Por fim, sob o ponto de vista cultural, creio que sejam bastante apropriadas as palavras de Champlin sobre Ap 19.16. Este autor nos fornece as seguintes informações:
"(...) havia um antigo costume de gravar o nome do artista sobre a coxa de uma estátua. (...) A arqueologia tem encontrado figuras assírias com inscrições gravadas sobre ela, bem como nas vestes que encobrem seus corpos. Também é verdade que os cavalos, entre os gregos, traziam sinais identificadores sobre suas pernas traseiras". [CHAMPLIN, R. N. O Novo Testamento Interpretado: versículo por versículo. Vol. VI. São Paulo, Editora e Distribuidora Candeia, 1995.]

Porém, Keener explica que "na antiguidade romana, os cavalos e as estátuas eram às vezes marcados com ferro na coxa, mas as pessoas não". Aliás, esses exemplos fornecidos por Champlin e Keener, note-se, são extraídos de um contexto "pagão" (assírio e greco-romano), e não "judaico" ou "judaico-cristão"! Vale citar aqui as palavras de Alfred J. Kolatch, segundo quem, "Foi proibido aos judeus fazerem isto [isto é, tatuagens ou incisões no corpo] não só porque era sinal de idolatria, mas também porque vai contra as proibições bíblicas de derramar sangue e maltratar o corpo que Deus deu ao ser humano". [KEENER, Craig S. Comentário Bíblico Atos: Novo Testamento.
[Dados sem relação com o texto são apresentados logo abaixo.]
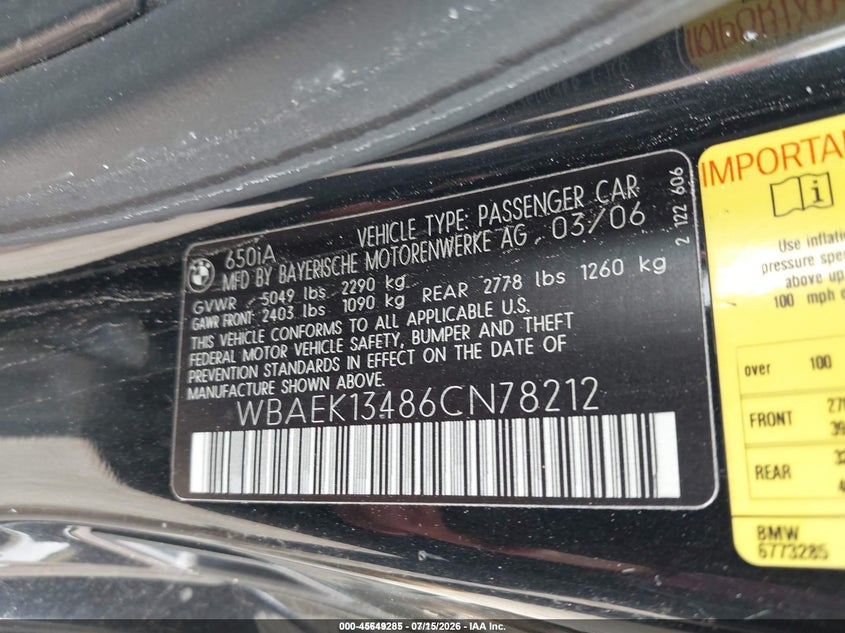 2006 BMW 650I VIN: WBAEK13486CN78212 Lot: 45649285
Belo Horizonte, Editora Atos, 2005. KOLATCH, Alfred J. 2º Livro Judaico dos Porquês. São Paulo, Editora e Livraria Sêfer Ltda, 1998.]

Tendo esses dados em mente, seria, então, simplesmente impensável imaginar um judeu dos tempos bíblicos tatuado (e Jesus era judeu!). Tal fato seria o cúmulo do sacrilégio Portanto, do ponto de vista cultural também não é correto afirmar que Jesus possuía uma "tatuagem" em sua "coxa". Tal prática seria totalmente estranha à cultura (judaica) da qual ele, Jesus, fazia parte.

Conclusão


Um dos grandes problemas que ocorre na interpretação da Bíblia é que nós, muitas vezes, a fazemos partindo do nosso próprio contexto vivencial. Dito de outra maneira, muitas vezes nós projetamos para dentro da Bíblia nossas experiências pessoais, vivências, pressuposições e ideologias – o que é chamado no campo da interpretação bíblica de "eisegese", em vez de buscarmos extrair do texto bíblico aquilo que ele próprio quer nos dizer – o que é conhecido como "exegese".

Bem, de qualquer forma, repito, cada um é livre para fazer o que quiser do "seu" corpo (o qual, na verdade, não é "seu", mas de Deus, quem o criou e, portanto, detém direitos sobre ele). Porém, se alguém for fazer qualquer tatuagem no corpo, fique à vontade. Só não vá, entretanto, sair dizendo por aí que você está fazendo isso porque a "tatuagem" que Jesus tinha em sua "coxa" te autoriza a proceder dessa forma. Isto posto, fico por aqui enquanto você segue daí tentando continuar me amando.